Typically adults need 7-9 hours of sleep to stay healthy, alert, and to perform at their best both mentally and physically. Insufficient sleep can eventually lead to sleep debt. Paying back sleep debt and rebuilding sleep balance takes several nights of good sleep.

Previous Day

Your level of physical activity yesterday is one of the key contributors to your readiness score. When the Previous Day contributor is at a good level, you’ll know you’ve balanced your need for activity and rest, and substituted a nice amount of inactive time with low activities. 

An exceptionally high amount of inactivity or activity leads to a drop in your readiness score. If your readiness is low due to intense training and increased activity burn, taking time to recover can pay off as improved fitness.

Activity Balance

Activity Balance measures how your activity level over the past days is affecting your readiness to perform. When your activity balance is optimal, it means that you've been active, but kept from training at your maximum capacity. This has boosted your recovery and helped build up your energy levels. 

That said, while easier days can have a positive effect on your readiness level, challenging your body every now and then by increasing your training volumes helps maintain and develop your physical capacity in the long run.

Body Temperature

Oura tracks the variations of your body temperature by measuring your skin temperature each night. When you sleep, Oura compares your skin temperature to similar measures from your earlier nights to estimate your normal range. When your body temperature is good or optimal, it means that it's within normal variation. You’ll see a lowered readiness score when your body temperature is on the rise or otherwise outside your normal range.

Resting Heart Rate

Resting Heart Rate (RHR) is the number of times your heart beats per minute when you're at rest. It's a good measurement of your recovery status, and an important contributor to your readiness. 

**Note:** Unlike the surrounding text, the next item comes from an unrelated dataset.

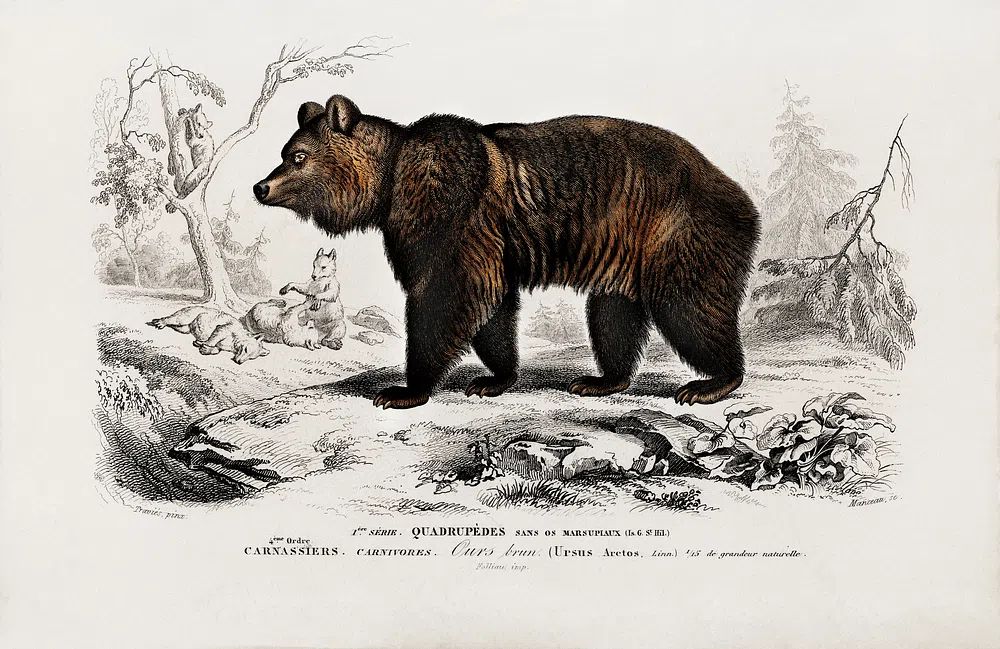 Brown Bear (Ursus Arctos) illustrated. poster — animals art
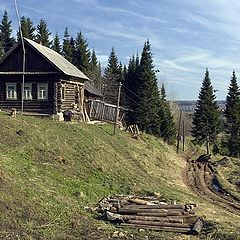 фото "Деревенский пейзаж с собаками"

Oura evaluates the optimal level for your resting heart rate by studying your data for a couple of weeks. Once it knows your normal range, your readiness score will start to become more accurate.

Oura interprets a resting heart rate slightly below your average as a sign of good readiness. An exceptionally high or low resting heart rate is a sign of increased need for recovery. An intense training day, a late night workout, elevated body temperature, or a heavy meal just before bed can keep your resting heart rate elevated during the night, often resulting to a lowered readiness score.

Recovery Index

Recovery Index measures how long it takes for your resting heart rate to stabilize. Late meals, late workouts, alcohol or sickness can keep your heart rate elevated and delay your recovery. The earlier your heart rate stabilizes during the night, the more time your body has to recharge and prepare for the next day. A sign of very good recovery is that your resting heart rate lowers during the first half of the night, at least 6 hours before you wake up.